I would say, generally, that it is not always the man who passes examinations who is best at using worldly knowledge to the greatest advantage. It is through the experience that a man gains in court and through his having to deal with witnesses and to handle his bench and look after his daily routine that a man becomes best qualified to discharge the task of a justices' clerk. That will enable him to discharge his task far better than passing a hundred examinations in conveyancing or in any other subject.

To counter that point, some suggestion has been made that the Law Society should facilitate the qualification of solicitors. I cannot see that that is a helpful suggestion. All that it will do is to bring about a sort of devaluation of the solicitor's status. It is going to make an easier examination for solicitors without any guarantee that they will then use their knowledge for this particular purpose. It is a most unsatisfactory way of trying to arrive at a compromise.

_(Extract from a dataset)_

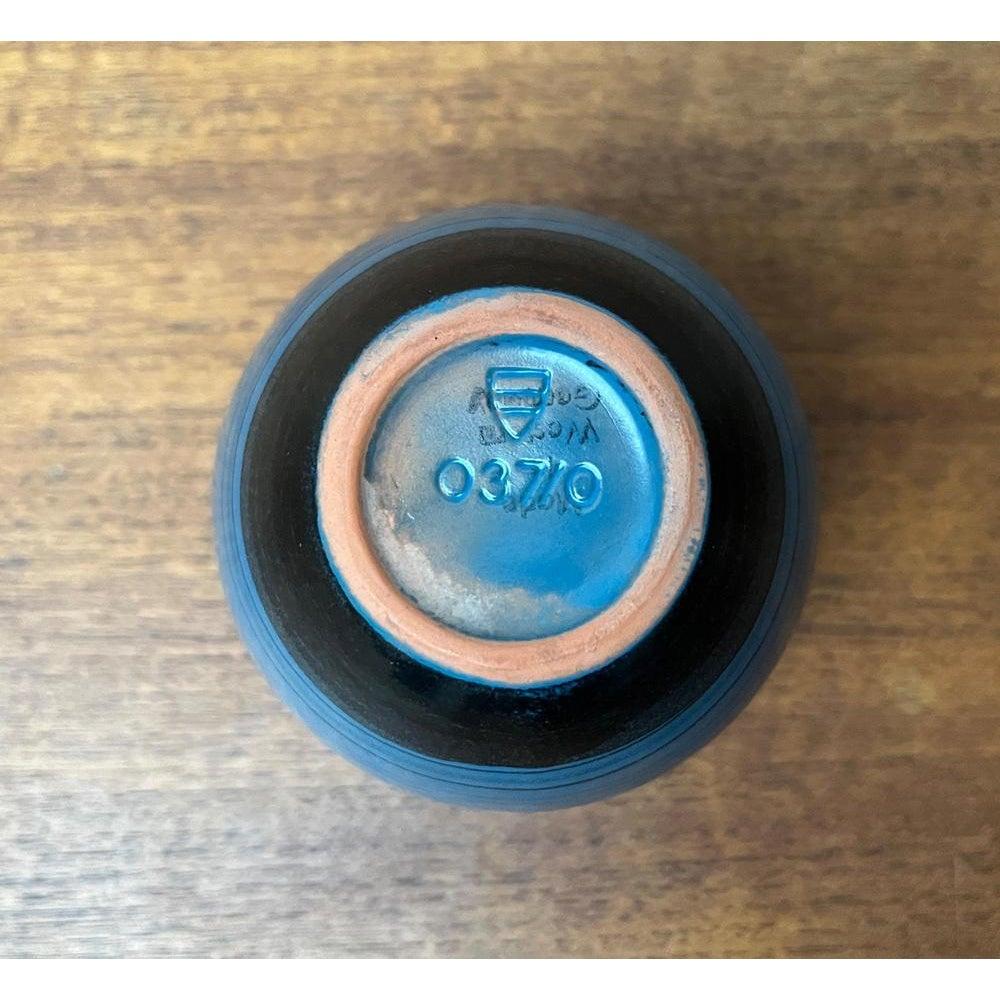 Ceramica Vaso di Studio Pottery tedesco di metà secolo di Wächtersbach, anni '60 in vendita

If that procedure is adopted—and one does not know precisely of what it will consist—there would be nothing to prevent a man from taking a simplified solicitors' examination for the purpose of becoming a solicitor's clerk, but it would not be possible to compel him to become a solicitor's clerk, and he could say "I am now qualified" and go off and practise as a solicitor, although in fact he had passed only some kind of simplified solicitors' examination, and read a few books called "How to Become a Solicitor without Tears" or something like that. That is not at all a satisfactory way. It would be most undesirable that the high standard of the solicitors' examination should be debased in any way. It is very necessary to retain the high standard, and we ought not to meet this difficulty by introducing some devaluation of the examination.

Reference has been made to the figures given on Second Reading with regard to the number of qualified and unqualified clerks. I think the figures the Home Secretary gave related to 1938, or to some pre-war year. I have the latest figures, and the present position is that there are 124 whole-time clerks, of whom 73 are solicitors and 51 are not, which means that a little under half are unqualified. If we are to insist upon having a professionally-qualified man for this job, the sort of man we shall get is the man who has qualified and failed to make a success of his profession. That would be most undesirable.

Any really competent solicitor can make a good deal larger income in private practice than any justices' clerk can receive. I believe that the maximum amount received by a justices' clerk does not go beyond £1,500 a year. There may be one or two exceptions, but £1,500 a year would be a pretty good salary for a justices' clerk. It would be a poor solicitor who could not do a great deal better than that in private practice.